## Task prompt
Please give back each line below unchanged; none of the pictures should appear.
### Given data ###
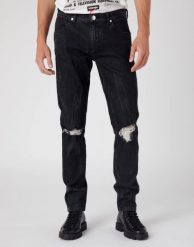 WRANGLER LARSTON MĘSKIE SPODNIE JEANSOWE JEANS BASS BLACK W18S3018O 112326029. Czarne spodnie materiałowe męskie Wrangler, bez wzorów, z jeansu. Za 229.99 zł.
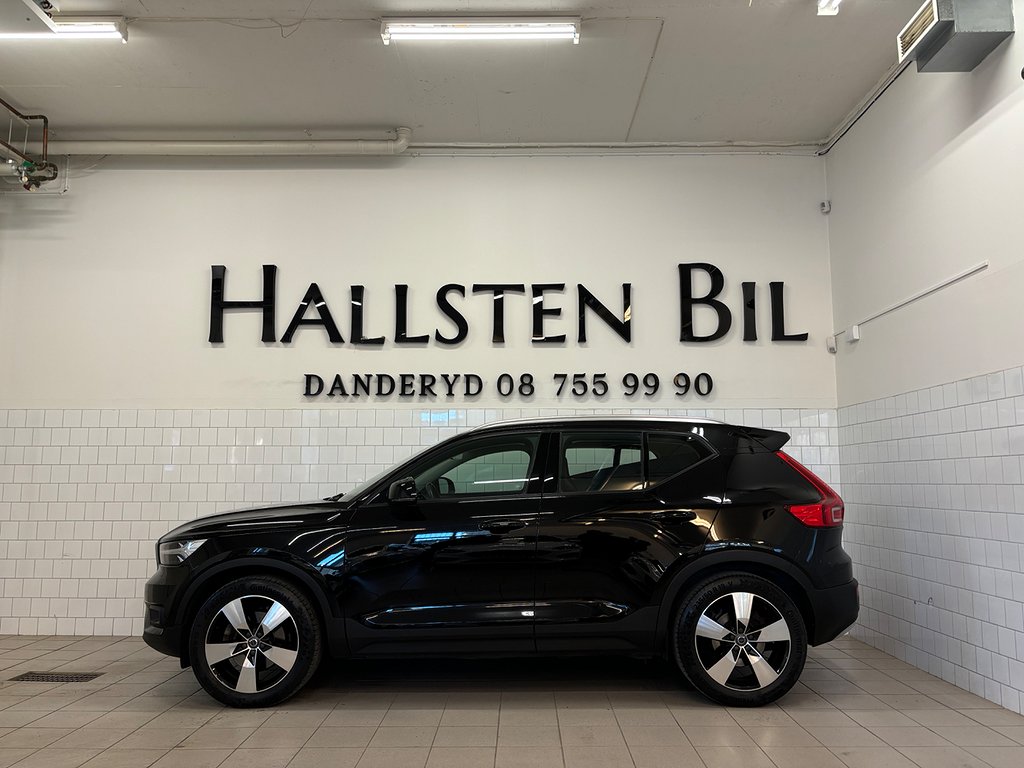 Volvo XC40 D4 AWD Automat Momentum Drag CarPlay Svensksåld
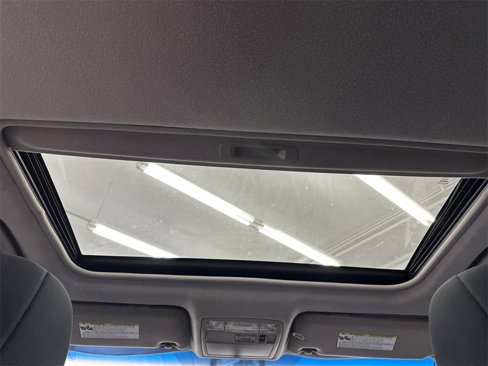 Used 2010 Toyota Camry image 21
###
## Written solution
 WRANGLER LARSTON MĘSKIE SPODNIE JEANSOWE JEANS BASS BLACK W18S3018O 112326029. Czarne spodnie materiałowe męskie Wrangler, bez wzorów, z jeansu. Za 229.99 zł.
 Volvo XC40 D4 AWD Automat Momentum Drag CarPlay Svensksåld
 Used 2010 Toyota Camry image 21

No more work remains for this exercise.